Пойдем дальше. Все сказанное мной сейчас было сказано только ради небольшой передышки между страницами этого дневника. Теперь, когда Бернар отдышался, возвратимся к нему. Вот он снова погружается в чтение.
От стариков проку мало.
8 ноября
Старая чета Лаперузов снова переехала. Их новая квартира, в которой я еще не бывал, расположена в бельэтаже, в закоулочке, образуемом улицей предместья Сент-Оноре недалеко от пересечения ее бульваром Осман. Я позвонил. Открыл Лаперуз. Он был без сюртука, и на голове его было надето что-то вроде желтовато-белого колпака, в котором я, всмотревшись, узнал старый чулок (госпожи Лаперуз, вероятно); конец его был завязан узлом и болтался, как кисточка, у его щеки. В руке он держал кривую кочергу. Я, очевидно, застал его за топкой печи; так как он обнаруживал некоторое смущение, я сказал:
– Хотите, я приду немного позже?
– Нет, нет… Входите сюда. – И он толкнул меня в узкую и продолговатую комнату с двумя окнами, выходившими на улицу на уровне фонаря. – Как раз в этот час я ждал ученицу (было шесть часов), но она телеграфировала, что не придет. Я так счастлив видеть вас.
Он положил кочергу на столик и, как бы извиняясь за свой костюм, сказал:
– Служанка госпожи Лаперуз протопила печку; она возвратится только утром; мне и пришлось выгребать золу…
– Хотите, я помогу вам ее растопить?
– Нет, нет… Это такая пачкотня… Но, позвольте, я пойду надену пиджак.
Он вышел, семеня ногами, и очень скоро вернулся одетый в легонький пиджачок из ткани альпака, с оторванными пуговицами и протертыми локтями, такой изношенный, что его стыдно было бы отдать нищему. Мы сели.
– Вы находите, что я сильно изменился, не правда ли?

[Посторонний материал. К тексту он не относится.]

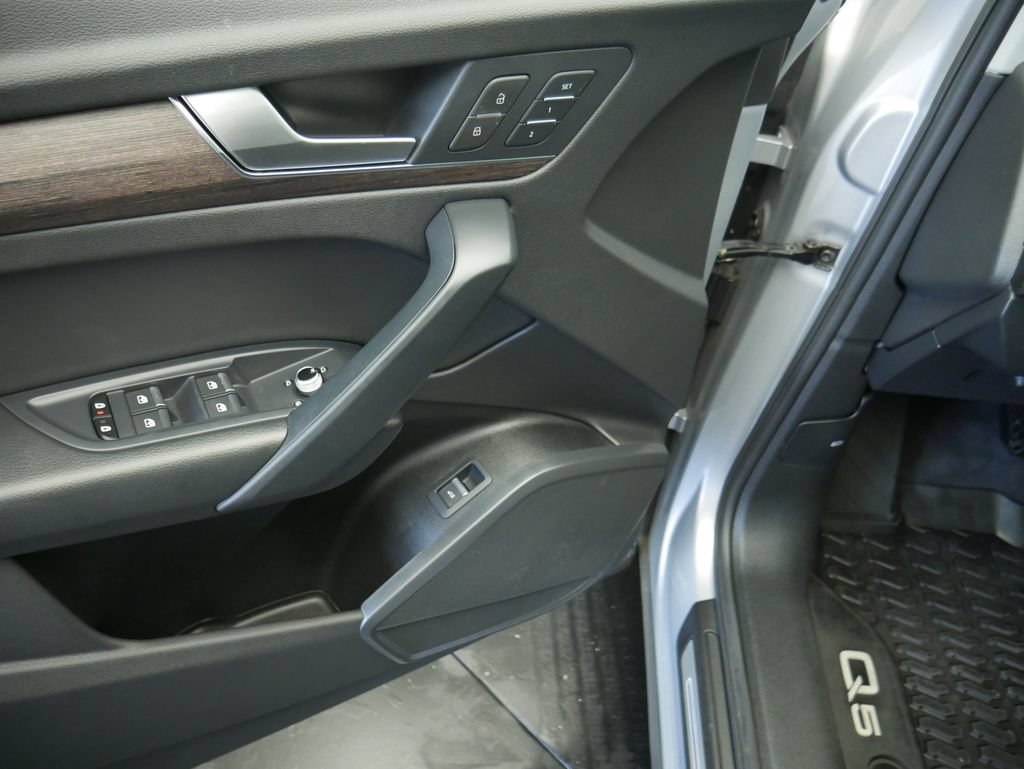 Certified 2023 Audi Q5 2.0T Premium w/ Convenience Package AWD/4WD image 5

Я хотел было возразить, но не нашелся, что сказать, – такое тяжелое впечатление произвело на меня это измученное лицо, которое я когда-то знал прекрасным. Он продолжал:
– Да, я сильно постарел в последнее время. Начинаю понемногу терять память. Когда мы с учениками проходим фуги Баха, мне нужно теперь заглядывать в ноты…
– Сколько молодых музыкантов были бы счастливы знать то, чем вы еще владеете.
Он продолжал, покачав головой:
– Ах, слабеет не только память! Слушайте: мне кажется, что я хожу пешком еще довольно быстро; но, представьте, теперь все прохожие обгоняют меня.
– Это объясняется тем, – сказал я, – что теперь все куда-то спешат.
– Ах, вот как?.. То же самое и на уроках, которые я даю: ученицы находят, что мое преподавание слишком медлительно, они хотят идти скорее, чем я. Они уходят от меня… Теперь все торопятся. – И прибавил так тихо, что я едва расслышал: – У меня почти не осталось учениц.
Я чувствовал в его словах такое отчаяние, что не решался его расспрашивать.
– Госпожа Лаперуз не хочет этого понять. Она говорит, что я плохо берусь за дело, ничего не предпринимаю, чтобы сохранить учениц, и еще меньше для поиска новых.
– А ученица, которую вы ожидали?.. – зачем-то спросил я.
– Ах, эта… я готовлю ее в консерваторию. Она каждый день приходит ко мне работать.
– Вы хотите сказать, что учите ее бесплатно?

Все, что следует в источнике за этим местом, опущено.